Die tränenreiche Geschichte eines Bahnhofs

Mehr als 100.000 Kriegsgefangene, 60.000 davon aus sowjetischen Lagern, kommen zwischen 1945 und 1955 am Bahnhof in Wiener Neustadt an. Für die einen ist der Moment mit Freudentränen verbunden, für die anderen mit Tränen der Enttäuschung.

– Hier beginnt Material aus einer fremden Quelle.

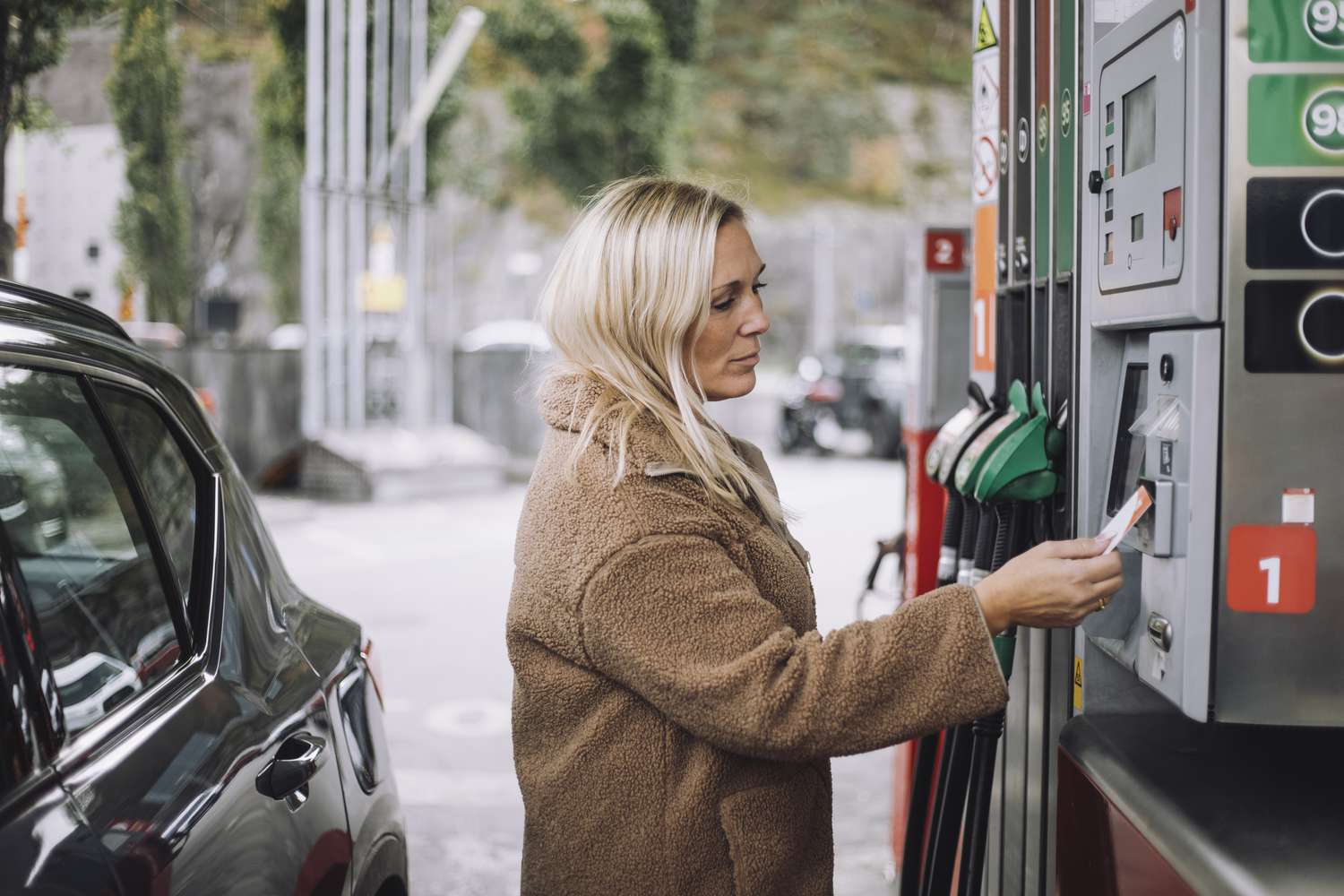A woman buys gas with a credit card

Über Wochen, Monate, sogar Jahre fuhr Rudolf Rosensteiner immer wieder zum Bahnhof Wiener Neustadt. „Weil er keine Ahnung hatte, ob und wann sein Sohn heimkommen würde“, erzählt sein Enkelsohn Michael Rosensteiner. Deshalb machte er sich jedes Mal, „wenn er wusste, dass ein Zug ankommen soll“, von Baden aus auf den Weg nach Wiener Neustadt.

Zuletzt hatte er seinen ältesten von drei Söhnen 1942 gesehen, als er die HTL in Mödling verlassen und sich zum Reichsarbeitsdienst gemeldet hatte – mit gerade einmal 16 Jahren. Von dort war er in die Deutsche Wehrmacht eingerückt, zunächst bei der Marine, schließlich war er zur Infanterie abgestellt worden und in die Sowjetunion (UdSSR) gegangen. „Die Buben waren damals leicht zu begeistern, weil sie etwas erlebt haben.“

Die Kriegsgefangenen kehren heim

Hunderte Soldaten kommen heim

Umso mehr hoffte Rosensteiner darauf, seinen Sohn nach dem Krieg endlich wiederzusehen. Der erste Transport traf am 28. Mai 1945 mit etwa 250 Männern aus sowjetischer Kriegsgefangenschaft am Bahnhof Wiener Neustadt ein. Im Juni kehrten etwa 400 Männer bei zwei weiteren Heimkehrer-Transporten in ihre Heimat zurück, darunter vor allem Verwundete, Kranke und Schwache.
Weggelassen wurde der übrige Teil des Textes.